To avert that eventuality, Spacey is now being edited out of a completed movie, All the Money in the World. I’m not sure what purpose that serves other than to make the filmmakers feel better about themselves. Apparently they’re afraid Spacey’s presence will drive down ticket sales, but the cynic in me is dead certain that if they leave Spacey in the film, sales will go through the roof. That’s not a reason to keep him in the movie, but self-righteousness isn’t a reason to keep him out, either.

I’ve always been more than willing to draw a line between an artist’s flaws and the work itself. Allegations of Wagner’s anti-Semitism will never come between me and the transcendent experience of the Ring cycle. I even watched and thoroughly enjoyed Feud this year, despite the feud I was having in my head with Susan Sarandon over her endorsement of Jill Stein. And no doubt I will soon watch Thelma and Louise for the 15th time, though I may find myself cheering at the end. (Movies are a great way to safely work out your anger.)

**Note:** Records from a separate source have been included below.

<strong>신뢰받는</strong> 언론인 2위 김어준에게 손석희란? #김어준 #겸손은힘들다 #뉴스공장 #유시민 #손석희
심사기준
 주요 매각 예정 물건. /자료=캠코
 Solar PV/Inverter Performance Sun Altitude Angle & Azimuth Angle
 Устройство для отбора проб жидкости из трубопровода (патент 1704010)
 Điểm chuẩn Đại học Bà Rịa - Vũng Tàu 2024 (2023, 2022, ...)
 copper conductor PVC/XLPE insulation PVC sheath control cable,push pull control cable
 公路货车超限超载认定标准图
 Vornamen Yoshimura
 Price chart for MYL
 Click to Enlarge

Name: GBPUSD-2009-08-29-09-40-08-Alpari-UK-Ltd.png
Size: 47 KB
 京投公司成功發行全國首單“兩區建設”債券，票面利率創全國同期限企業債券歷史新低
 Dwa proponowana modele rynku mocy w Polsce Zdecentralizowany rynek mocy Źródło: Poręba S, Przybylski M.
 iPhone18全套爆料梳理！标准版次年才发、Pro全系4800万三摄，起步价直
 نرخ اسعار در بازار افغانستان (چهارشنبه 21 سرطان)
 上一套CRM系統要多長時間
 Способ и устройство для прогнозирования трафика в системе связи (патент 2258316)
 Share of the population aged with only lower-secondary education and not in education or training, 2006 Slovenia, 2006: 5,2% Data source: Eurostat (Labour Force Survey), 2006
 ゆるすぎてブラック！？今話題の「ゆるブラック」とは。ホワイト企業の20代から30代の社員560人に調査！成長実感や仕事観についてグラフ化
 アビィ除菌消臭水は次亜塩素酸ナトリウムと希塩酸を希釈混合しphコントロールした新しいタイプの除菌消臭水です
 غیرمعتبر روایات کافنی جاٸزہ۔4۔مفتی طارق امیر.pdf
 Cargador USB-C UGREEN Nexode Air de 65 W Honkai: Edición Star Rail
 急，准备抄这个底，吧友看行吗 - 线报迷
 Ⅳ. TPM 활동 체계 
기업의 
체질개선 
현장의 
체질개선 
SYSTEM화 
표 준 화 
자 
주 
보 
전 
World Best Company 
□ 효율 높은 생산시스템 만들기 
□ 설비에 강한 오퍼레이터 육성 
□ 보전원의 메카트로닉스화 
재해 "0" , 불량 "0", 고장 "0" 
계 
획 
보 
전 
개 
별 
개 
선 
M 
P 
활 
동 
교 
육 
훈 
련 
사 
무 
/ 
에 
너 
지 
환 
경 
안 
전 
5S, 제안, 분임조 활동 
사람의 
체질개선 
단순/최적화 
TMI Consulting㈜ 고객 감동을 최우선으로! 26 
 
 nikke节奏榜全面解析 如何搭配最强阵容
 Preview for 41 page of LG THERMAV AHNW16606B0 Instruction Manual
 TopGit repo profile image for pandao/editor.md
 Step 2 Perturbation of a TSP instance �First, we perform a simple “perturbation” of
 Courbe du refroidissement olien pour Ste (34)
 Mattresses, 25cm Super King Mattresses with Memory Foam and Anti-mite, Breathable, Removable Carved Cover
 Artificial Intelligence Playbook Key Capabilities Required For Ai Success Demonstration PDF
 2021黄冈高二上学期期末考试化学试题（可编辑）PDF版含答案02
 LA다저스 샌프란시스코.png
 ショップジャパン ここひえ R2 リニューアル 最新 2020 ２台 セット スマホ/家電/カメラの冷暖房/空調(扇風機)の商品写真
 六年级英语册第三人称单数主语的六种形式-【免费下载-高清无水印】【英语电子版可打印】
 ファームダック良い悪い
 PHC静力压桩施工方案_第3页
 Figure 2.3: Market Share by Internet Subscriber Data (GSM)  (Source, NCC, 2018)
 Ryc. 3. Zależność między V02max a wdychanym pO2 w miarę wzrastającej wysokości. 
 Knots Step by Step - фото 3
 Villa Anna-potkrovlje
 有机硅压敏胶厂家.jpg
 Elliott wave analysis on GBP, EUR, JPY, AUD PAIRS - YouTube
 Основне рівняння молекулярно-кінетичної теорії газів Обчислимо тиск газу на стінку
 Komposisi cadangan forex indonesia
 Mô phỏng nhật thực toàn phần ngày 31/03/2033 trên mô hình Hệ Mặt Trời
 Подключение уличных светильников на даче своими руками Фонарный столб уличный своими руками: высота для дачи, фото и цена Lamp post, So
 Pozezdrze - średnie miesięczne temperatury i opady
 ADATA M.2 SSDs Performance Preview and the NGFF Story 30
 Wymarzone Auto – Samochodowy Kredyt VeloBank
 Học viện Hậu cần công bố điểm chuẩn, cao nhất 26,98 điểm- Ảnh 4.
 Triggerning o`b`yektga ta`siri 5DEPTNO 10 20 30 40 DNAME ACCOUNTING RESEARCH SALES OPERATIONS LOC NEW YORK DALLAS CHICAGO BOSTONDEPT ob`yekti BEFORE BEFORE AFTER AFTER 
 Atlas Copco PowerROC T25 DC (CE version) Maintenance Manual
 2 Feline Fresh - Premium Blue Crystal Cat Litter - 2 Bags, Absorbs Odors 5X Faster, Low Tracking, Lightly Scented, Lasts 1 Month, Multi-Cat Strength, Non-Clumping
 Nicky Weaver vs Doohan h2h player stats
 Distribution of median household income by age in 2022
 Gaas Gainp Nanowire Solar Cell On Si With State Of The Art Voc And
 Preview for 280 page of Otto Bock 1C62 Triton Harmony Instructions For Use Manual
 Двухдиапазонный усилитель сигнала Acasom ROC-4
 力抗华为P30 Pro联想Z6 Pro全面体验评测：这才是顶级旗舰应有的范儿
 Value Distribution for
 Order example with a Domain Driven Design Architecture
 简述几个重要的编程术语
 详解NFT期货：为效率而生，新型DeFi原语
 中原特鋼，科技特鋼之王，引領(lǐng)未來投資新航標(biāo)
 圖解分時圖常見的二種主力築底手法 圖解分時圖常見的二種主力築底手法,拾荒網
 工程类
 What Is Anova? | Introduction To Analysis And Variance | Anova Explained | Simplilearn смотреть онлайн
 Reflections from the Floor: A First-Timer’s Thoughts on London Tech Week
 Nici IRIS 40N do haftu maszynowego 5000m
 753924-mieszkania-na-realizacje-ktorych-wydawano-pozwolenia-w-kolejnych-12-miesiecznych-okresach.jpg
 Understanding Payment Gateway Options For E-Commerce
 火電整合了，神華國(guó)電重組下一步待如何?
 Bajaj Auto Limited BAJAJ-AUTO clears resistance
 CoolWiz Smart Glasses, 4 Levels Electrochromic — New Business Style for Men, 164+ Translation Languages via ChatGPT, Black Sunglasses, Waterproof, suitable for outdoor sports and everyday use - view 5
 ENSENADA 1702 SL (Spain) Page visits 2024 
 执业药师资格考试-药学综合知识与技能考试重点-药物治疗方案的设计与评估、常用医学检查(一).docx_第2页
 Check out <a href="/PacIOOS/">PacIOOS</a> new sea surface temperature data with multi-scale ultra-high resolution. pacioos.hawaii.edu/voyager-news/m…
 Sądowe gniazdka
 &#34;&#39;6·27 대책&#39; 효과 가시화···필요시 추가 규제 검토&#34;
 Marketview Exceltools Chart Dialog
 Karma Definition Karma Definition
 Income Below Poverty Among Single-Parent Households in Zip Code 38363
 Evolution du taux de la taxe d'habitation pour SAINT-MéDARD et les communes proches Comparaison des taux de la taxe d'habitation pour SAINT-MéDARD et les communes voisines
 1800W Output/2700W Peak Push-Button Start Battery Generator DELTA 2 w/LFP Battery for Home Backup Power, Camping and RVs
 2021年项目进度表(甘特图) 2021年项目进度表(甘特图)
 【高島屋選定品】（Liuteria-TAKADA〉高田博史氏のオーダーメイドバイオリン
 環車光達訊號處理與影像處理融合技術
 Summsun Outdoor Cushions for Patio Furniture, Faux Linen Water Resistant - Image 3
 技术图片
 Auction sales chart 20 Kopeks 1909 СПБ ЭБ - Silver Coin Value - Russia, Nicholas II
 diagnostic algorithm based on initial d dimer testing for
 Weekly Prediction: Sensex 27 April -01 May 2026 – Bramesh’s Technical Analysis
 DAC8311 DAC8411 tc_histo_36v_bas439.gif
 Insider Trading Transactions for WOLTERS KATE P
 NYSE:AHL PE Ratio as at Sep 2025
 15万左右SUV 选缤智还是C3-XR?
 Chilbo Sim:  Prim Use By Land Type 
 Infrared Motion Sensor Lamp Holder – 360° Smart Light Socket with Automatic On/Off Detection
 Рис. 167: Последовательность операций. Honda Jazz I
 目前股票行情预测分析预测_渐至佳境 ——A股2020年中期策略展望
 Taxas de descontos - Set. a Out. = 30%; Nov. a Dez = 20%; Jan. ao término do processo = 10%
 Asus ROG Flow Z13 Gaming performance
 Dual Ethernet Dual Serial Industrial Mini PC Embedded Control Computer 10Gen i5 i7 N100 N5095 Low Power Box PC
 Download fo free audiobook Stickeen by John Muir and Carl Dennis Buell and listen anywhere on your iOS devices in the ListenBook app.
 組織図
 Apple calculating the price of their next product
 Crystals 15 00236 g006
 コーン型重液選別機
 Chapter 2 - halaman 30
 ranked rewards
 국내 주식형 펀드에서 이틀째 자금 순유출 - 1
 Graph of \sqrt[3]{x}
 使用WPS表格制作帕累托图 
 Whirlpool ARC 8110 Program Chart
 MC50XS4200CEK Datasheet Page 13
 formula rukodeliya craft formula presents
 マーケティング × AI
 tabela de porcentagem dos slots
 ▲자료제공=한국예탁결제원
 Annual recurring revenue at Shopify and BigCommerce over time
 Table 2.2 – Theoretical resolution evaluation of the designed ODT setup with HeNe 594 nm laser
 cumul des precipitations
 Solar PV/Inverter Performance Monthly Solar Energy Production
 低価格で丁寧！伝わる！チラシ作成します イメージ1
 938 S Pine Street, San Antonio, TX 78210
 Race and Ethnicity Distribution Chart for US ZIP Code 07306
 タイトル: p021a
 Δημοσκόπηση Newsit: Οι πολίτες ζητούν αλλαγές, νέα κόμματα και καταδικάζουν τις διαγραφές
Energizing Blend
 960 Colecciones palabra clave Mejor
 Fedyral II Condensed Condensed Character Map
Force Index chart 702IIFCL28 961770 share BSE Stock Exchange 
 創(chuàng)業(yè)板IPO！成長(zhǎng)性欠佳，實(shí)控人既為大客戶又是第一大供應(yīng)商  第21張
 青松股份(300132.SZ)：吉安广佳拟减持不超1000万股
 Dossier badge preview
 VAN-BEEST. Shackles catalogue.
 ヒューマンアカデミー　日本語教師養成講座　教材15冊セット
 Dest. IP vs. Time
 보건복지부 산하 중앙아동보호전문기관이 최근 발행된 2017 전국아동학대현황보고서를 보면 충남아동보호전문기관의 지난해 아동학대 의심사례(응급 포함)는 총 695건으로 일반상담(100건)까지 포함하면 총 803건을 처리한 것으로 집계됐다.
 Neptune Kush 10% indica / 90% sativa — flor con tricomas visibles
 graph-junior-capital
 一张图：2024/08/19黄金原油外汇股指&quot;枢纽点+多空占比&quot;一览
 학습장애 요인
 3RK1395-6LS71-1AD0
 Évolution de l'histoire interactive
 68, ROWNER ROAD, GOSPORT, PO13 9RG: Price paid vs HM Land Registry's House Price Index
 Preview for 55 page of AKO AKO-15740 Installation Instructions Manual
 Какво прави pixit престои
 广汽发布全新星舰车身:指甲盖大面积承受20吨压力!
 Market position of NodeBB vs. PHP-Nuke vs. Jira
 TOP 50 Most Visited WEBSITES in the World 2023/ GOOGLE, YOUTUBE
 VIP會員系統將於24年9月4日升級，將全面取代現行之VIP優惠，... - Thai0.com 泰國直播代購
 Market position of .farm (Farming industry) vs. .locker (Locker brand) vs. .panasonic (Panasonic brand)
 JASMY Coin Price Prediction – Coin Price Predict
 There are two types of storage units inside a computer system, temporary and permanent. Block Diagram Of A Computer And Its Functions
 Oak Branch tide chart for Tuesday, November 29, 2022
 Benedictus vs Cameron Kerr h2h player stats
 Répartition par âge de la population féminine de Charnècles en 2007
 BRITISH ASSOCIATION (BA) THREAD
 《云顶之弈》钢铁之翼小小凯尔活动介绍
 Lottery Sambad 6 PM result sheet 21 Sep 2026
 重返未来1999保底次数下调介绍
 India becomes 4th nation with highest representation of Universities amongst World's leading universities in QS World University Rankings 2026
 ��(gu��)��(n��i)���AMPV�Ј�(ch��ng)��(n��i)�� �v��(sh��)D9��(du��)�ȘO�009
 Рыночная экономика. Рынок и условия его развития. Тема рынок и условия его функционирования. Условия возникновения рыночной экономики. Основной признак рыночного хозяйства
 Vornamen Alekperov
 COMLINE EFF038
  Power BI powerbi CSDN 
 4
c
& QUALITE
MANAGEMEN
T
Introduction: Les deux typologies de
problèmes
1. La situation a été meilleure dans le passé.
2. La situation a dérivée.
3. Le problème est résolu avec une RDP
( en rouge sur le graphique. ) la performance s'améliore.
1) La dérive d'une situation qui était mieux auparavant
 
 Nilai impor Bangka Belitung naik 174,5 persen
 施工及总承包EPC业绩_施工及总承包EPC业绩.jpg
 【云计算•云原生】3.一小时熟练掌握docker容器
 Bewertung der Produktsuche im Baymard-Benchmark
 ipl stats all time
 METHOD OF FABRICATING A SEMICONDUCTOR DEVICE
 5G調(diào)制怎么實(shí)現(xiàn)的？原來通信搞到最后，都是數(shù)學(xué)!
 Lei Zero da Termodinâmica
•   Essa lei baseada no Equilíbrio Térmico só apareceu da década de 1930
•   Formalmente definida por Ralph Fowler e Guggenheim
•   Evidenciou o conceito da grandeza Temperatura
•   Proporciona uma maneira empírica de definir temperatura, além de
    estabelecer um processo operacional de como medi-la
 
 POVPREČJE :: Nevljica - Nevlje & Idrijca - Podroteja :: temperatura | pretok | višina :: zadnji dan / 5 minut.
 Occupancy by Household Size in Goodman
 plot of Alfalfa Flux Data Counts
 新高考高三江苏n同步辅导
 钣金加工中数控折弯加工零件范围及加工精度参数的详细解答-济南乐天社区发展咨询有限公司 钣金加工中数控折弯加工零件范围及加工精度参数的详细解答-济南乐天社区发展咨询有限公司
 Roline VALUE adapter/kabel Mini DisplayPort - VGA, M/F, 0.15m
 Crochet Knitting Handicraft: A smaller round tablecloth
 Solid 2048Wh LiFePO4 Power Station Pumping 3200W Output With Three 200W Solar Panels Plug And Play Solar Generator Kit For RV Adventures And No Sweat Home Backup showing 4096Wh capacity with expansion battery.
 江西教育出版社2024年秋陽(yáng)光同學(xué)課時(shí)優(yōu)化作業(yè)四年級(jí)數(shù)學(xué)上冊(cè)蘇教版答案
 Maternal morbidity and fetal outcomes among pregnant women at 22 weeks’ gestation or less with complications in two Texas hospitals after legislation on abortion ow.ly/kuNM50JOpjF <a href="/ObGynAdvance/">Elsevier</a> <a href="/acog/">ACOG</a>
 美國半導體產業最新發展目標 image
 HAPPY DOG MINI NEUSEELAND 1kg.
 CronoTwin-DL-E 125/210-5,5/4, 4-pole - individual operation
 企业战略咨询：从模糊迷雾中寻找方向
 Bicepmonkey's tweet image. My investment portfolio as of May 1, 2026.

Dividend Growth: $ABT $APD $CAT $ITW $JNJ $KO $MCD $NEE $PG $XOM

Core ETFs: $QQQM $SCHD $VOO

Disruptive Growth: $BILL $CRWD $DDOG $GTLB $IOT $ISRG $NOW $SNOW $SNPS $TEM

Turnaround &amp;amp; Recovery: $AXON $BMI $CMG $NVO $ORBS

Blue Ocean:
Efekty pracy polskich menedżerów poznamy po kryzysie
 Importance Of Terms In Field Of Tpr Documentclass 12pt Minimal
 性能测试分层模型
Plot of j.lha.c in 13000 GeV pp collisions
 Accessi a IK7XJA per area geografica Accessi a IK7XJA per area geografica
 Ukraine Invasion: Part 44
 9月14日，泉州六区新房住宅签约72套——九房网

The “me, too” campaign in the wake of the Weinstein revelations has been successful in demonstrating the scope of Hollywood’s problem with sexual harassment and assault—and with Spacey, the scandal has reached into the gay community, as well. Maybe what we need now is a more upbeat version: maybe this is the time for other gay actors to come out of the closet as happy, healthy people who are attracted only to adults. Let’s not let Kevin Spacey be the poster child on this one, folks.